The editor in chief of Time Inc. made news the other day by offering to do what most of us take for granted: Obey the law.

It’s about time.

Reporter Matthew Cooper has declined to testify in the federal probe of the outing of undercover CIA operative Valerie Plame. But after the Supreme Court spurned his appeal on Monday, his superiors elected to turn over his notes, which apparently will make his refusal irrelevant.

“The same Constitution that protects the freedom of the press requires obedience to the final decisions of the courts,” said editor Norman Pearlstein — an insight that has eluded many of his fellow journalists.

That would include New York Times reporter Judith Miller, who claims the prerogative of deciding for herself what information the grand jury is entitled to hear, and whose publisher backs her up. Like Cooper, she apparently had a conversation with the leaker (or leakers) about Plame. Even though she didn’t write a story, that could make her a witness to a federal crime, since it is illegal for a federal employee to unmask a covert agent.

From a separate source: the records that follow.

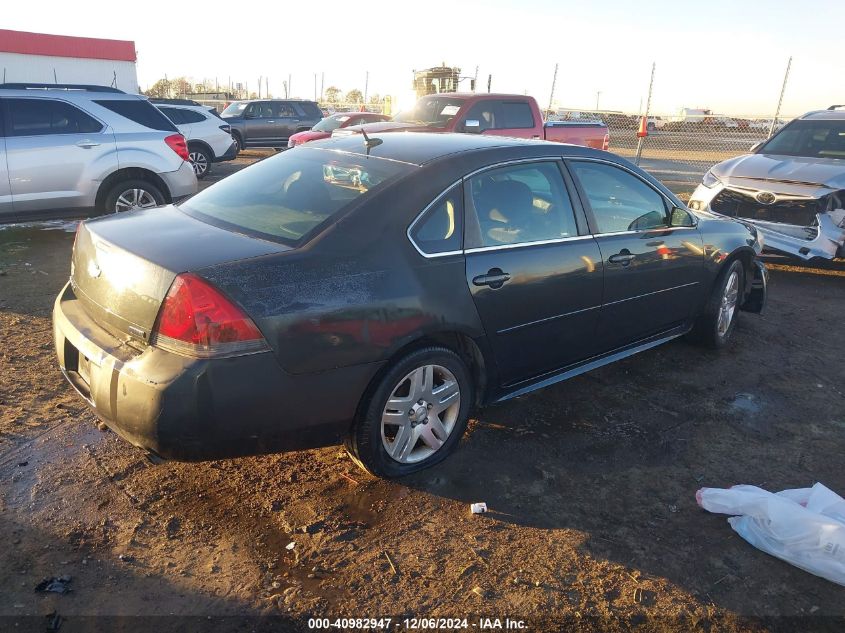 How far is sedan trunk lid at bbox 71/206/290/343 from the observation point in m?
2.66

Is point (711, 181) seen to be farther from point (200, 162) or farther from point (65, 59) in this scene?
point (65, 59)

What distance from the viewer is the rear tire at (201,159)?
14.6 metres

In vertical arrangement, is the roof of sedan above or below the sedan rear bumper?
above

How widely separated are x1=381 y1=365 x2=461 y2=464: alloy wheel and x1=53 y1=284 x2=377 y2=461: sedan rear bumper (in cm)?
27

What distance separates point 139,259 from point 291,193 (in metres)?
0.91

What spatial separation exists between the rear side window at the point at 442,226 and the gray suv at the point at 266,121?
57.0ft

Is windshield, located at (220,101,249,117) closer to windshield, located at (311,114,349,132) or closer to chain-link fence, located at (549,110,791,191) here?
windshield, located at (311,114,349,132)

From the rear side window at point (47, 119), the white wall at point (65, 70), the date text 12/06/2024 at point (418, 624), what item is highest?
the white wall at point (65, 70)

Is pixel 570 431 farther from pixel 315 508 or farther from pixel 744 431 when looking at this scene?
pixel 315 508

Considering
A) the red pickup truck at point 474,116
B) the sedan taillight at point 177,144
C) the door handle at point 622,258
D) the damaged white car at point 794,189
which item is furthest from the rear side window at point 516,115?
the door handle at point 622,258

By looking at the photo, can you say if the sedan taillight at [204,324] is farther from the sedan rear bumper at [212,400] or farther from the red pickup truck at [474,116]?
the red pickup truck at [474,116]

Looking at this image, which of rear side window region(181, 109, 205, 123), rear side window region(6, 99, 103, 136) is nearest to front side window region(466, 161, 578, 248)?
rear side window region(6, 99, 103, 136)

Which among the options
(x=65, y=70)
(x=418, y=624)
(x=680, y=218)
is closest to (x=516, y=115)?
(x=680, y=218)

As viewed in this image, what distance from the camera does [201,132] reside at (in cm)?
1477
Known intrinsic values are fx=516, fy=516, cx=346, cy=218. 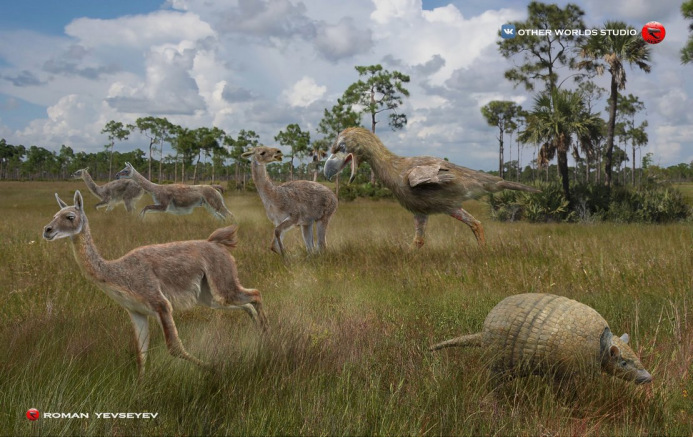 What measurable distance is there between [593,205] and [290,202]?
1815cm

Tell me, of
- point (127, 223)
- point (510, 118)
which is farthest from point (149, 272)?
point (510, 118)

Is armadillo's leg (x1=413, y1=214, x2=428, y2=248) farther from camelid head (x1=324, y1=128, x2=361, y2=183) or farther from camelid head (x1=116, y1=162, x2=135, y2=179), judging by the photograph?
camelid head (x1=116, y1=162, x2=135, y2=179)

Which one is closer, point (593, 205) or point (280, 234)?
point (280, 234)

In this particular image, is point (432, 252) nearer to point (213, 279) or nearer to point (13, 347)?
point (213, 279)

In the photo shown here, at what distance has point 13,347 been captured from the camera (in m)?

But Miller feels she has the right and the duty to keep her promise of confidentiality to her source, never mind that her source had no respect for his own secrecy obligations. She says she will go to jail rather than cooperate, and this week, she may get the chance.

Her fortitude would be admirable in a noble cause, which unfortunately this is not. Plame is the wife of former ambassador Joseph Wilson, who infuriated the White House by publicly rejecting claims that Saddam Hussein was trying to acquire nuclear weapons. After he wrote an article criticizing the administration’s evidence, someone leaked the information in an attempt to discredit him.

Columnist Robert Novak obligingly published Plame’s name, which he said he got from “two senior administration officials.” (Novak refuses to say whether he’s testified, but since he hasn’t been threatened with jail, it’s safe to assume he has.) Miller and Cooper have chosen to shield someone who blew an American agent’s cover for political revenge.

This is a terrible mistake for two reasons. In the first place, as the Supreme Court made clear, it is based on a legal privilege that exists only in the fertile imagination of journalists. In the second, it may serve to protect a serious felon from being brought to justice.

Miller insists that her subpoena, by compromising the confidentiality of news sources, threatens the public’s right to know. But there are some things the public has no right to know — including the names of covert agents. If Plame’s exposure had made her a terrorist target, that would be painfully obvious.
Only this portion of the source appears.